Superbubble harbors cosmic rays

Stellar nursery jump-starts rays’ journey to Earth

Some of the mysterious, high-energy cosmic rays that bombard Earth may hatch from a colossal, gassy superbubble carved into space by hyperactive young stars in the Cygnus X region of the sky.

“We can pin down that — at least in this region — there are cosmic ray sources,” says astronomer and astrophysicist Isabelle Grenier, who led the study reported in the Nov. 25 Science. “It proves the point that cosmic ray factories are hiding in these environments.”

Cosmic rays are actually subatomic particles — mostly protons and electrons — that zip across space, perhaps spurred to nearly light-speed by supernova shockwaves or stellar winds. Because they’re charged, the particles are bounced around by magnetic fields during their journeys, making it difficult to follow their paths back to the beginning. “It’s like trying to cross a Jacuzzi,” says Grenier, of the University of Paris Diderot.
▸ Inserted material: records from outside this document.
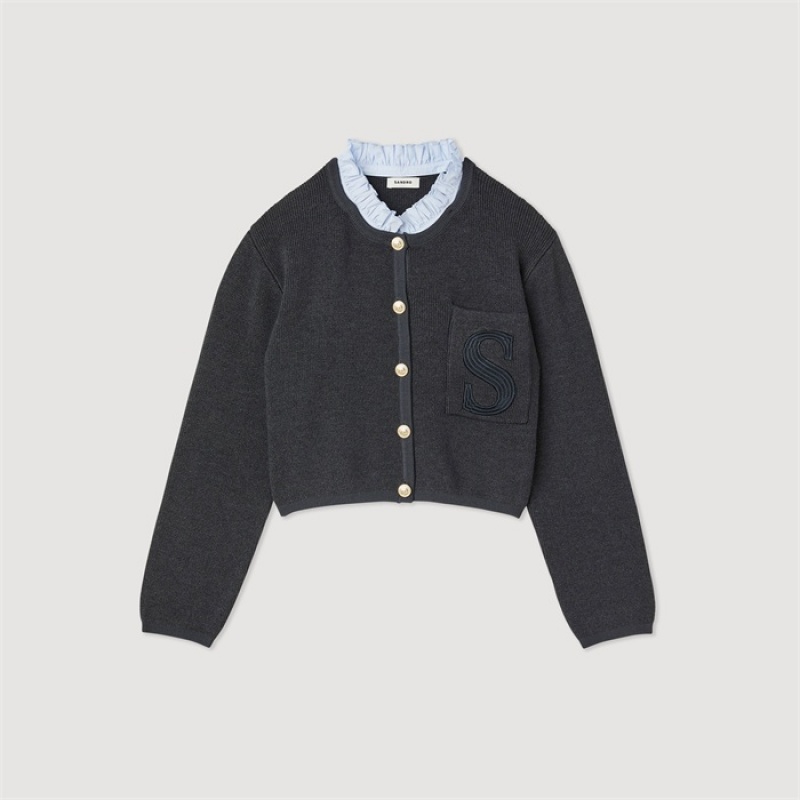 Sandro Knit cardigan with embroidered pocket Charcoal Grey | SN-SDO64620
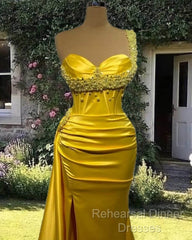Mermaid Yellow Pearl Strap Dress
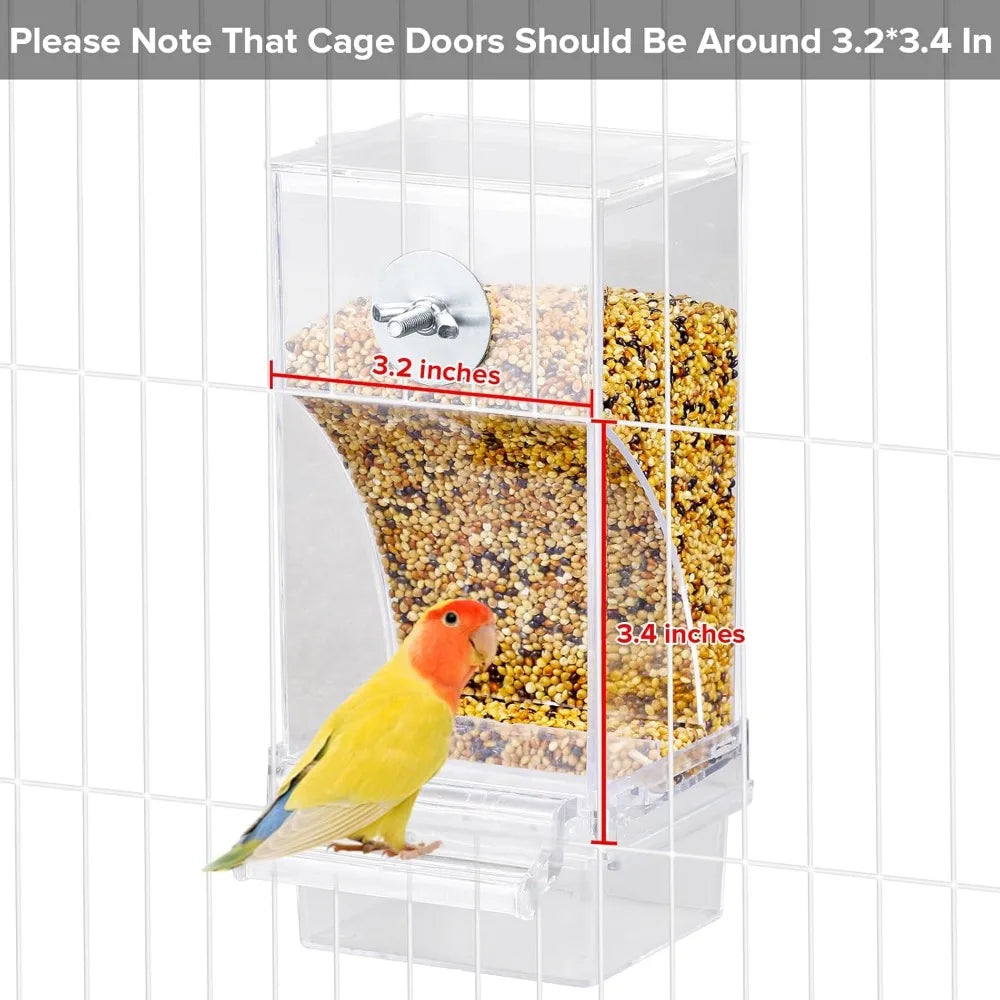 XIUWO No Mess Bird Feeder And Water Dispenser For Parakeets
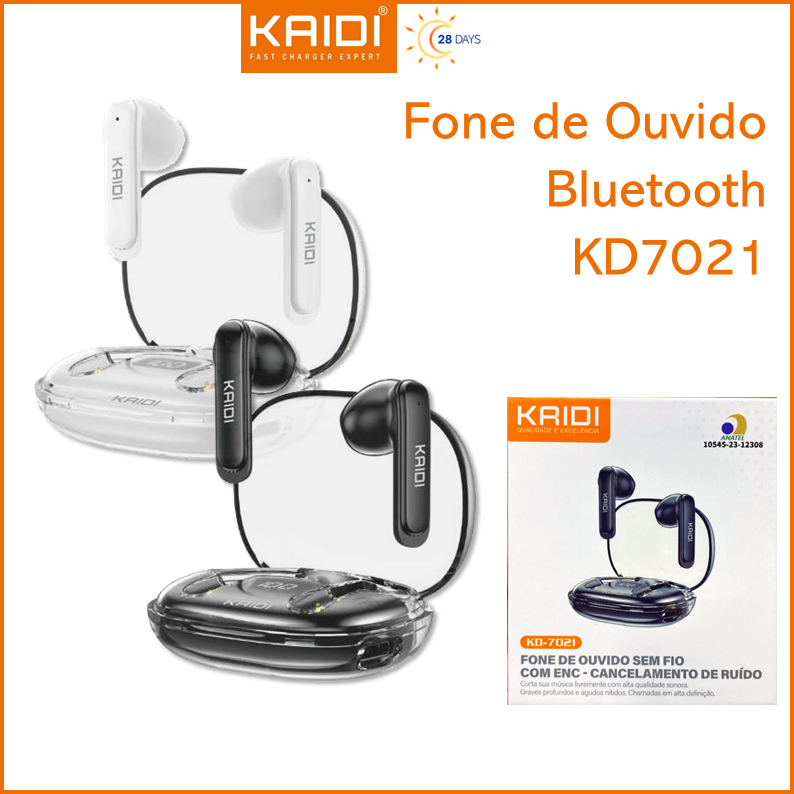 Fone de Ouvido Sem fio Bluetooth V5.4 TWS ENC Cancelamento de Ruído Kaidi KD-7021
To get around this wandering particle problem, Grenier and the team decided to track gamma rays, which are produced when cosmic rays collide with interstellar particles and which the team could use to trace the rays’ origins. The team aimed the space-based Fermi Large Area Telescope toward Cygnus, hoping to spy a telltale glimmer from gamma rays inside the region’s superbubble, which is more than 100 light-years across and contains more than 500 massive stars.

The turbulent region is one of the most active stellar nurseries in the Milky Way, says astrophysicist Thierry Montmerle of the Astrophysics Institute of Paris, who was not involved in the study. Repeated supernovas inside the bubble produce crisscrossing shockwaves that kick around particles, perhaps jump-starting even the heavier travelers, like protons.

The team found that gamma rays flooded the bubble’s ballooning cavities and corresponded closely to the bulging shapes observed in both visible and infrared images. “We were really surprised when we found a spectacular correlation with the infrared image,” says experimental physicist and study coauthor Luigi Tibaldo of Padua University and Italy’s National Institute of Nuclear Physics. “People were thinking we would have found an excess over the whole Cygnus region, but we found an excess confined to these cavities carved by the activities of massive stars.”

The rays were also quite energetic, suggesting freshly accelerated particles and a nearby origin. But Grenier isn’t sure how the rays exit the superbubble, or what their early years really look like. Both she and Tibaldo hope to continue observing superbubbles elsewhere for more clues about the rays’ origins, a step that astrophysicist Robert Binns of Washington University in St. Louis also thinks is necessary.

“This study is an important step, but it’s not a total resolution,” he says.

Binns and Montmerle point out that while the study suggests that young cosmic rays may be trapped and accelerated in these superbubbles, important questions remain unanswered. “There’s a long way from these early stages to the cosmic rays we observe on Earth,” Montmerle says. “We still don’t know whether the rays are coming from these regions.”